I actually Like gear durability

@KipEnyan is quite the persistent person on this topic.

The OP diluted it down to a choice, so in that reference, I believe that would make both sides happy. @KipEnyan you wouldn’t have to care for it as you would have the choice to not have it affect you.

I’m reaching here but there’s a reason that games like dayz or other survival genres incorporate tasks that seem to have nothing but a negative spiral to their objective contribution to the games’ system. Like having to take care of keeping your hunger down and hydrating.

In its’ core you could argue these are complete obsolete systems as one might not get enjoyment out of them at all, as you only get punished for not maintaing them.

But hell, experience is also subjective, and in the subjective not everything has to make 100% sense to everyone absolutely all the time.

I think that the ‘negative offset’ systems bring about certain depths to the game, that otherwise aren’t replicable. And I stand by the OPs’ take here.

As it is currently, it is mildly annoying and adds nothing of value to the game.

I think the most annoying factor is my tools breaking and completely disappearing from my inventory, as I need to go buy a new tool from the city if that happens. That needs to be fixed.
The current solution is just that I have to occasionally open the inventory and check the durability on my gear, and use a repair potion/make a trip to the city to repair all. This is not either fun or interesting. The cost to repair is also so minor after the patch that it’s never an issue.

Either remove the mechanic completely or actually make it change how you play the game. People dislike weapons breaking in BOTW/TOTK, but atleast it accomplishes what it set out to do, forcing you to use different weapons.

I’d keep the system but remove the death penalty.
Lose gear durability by taking damage.
Slowly lose weapon durability by hitting enemies - if you hit a shield or get staggered, you lose more.
Make repairs take time so you have to use something else meanwhile.
That kind of stuff makes thematic sense and I can get behind.

But the system doesn’t want the player to be always kept in action. It wants you to stop, it wants you to spend time travelling through the world, it wants you to take it slow.
Going back for repairs isn’t interrupting the game flow, it’s going with it. Wether that game flow is likeable or not, that’s a whole other point.
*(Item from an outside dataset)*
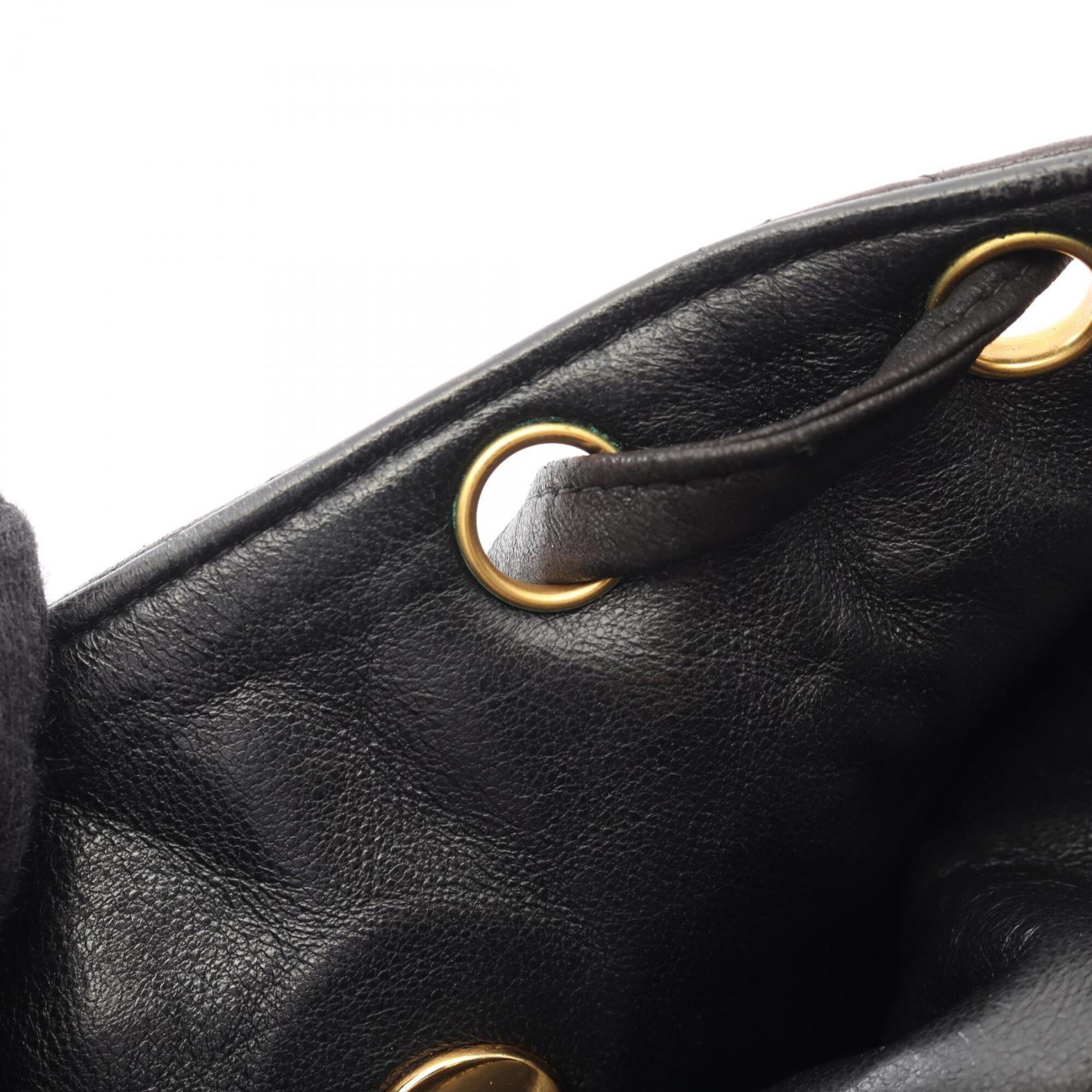 Chanel Black Leather Backpack Handbag (Pre-Owned)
But there’s clearly a vision behind it, and I believe they’ve not put in place this system without clear reasons behind it. Everything else is so well made that it feel out of place, right? You said so too.

So far I’ve enjoyed durability. It doesn’t hinder me particularly and when it becomes a problem it’s usually because I’m doing something wrong.
Maybe, like with many innovative things, a lot of people are disliking it because it’s different from everything they’ve seen so far.

It doesn’t keep you spending time traveling the world, you just warp back to town, sprint to the repair, then sprint back to warp back to the fight you got stopped doing

But you DO spend time traveling the world. Going back and forward is exactly that, because usually you’re not near enough to a whisper and you go through part of an area at least.

And what if you don’t want to use a whisper because you prefer to keep the fast travel to another location? Then you might make a long walk instead, and maybe on the way you fight some more enemies, you loot some chests you left behind. Maybe you notice a path you didn’t see previously.

I’m a bit exaggerating, but you get my point.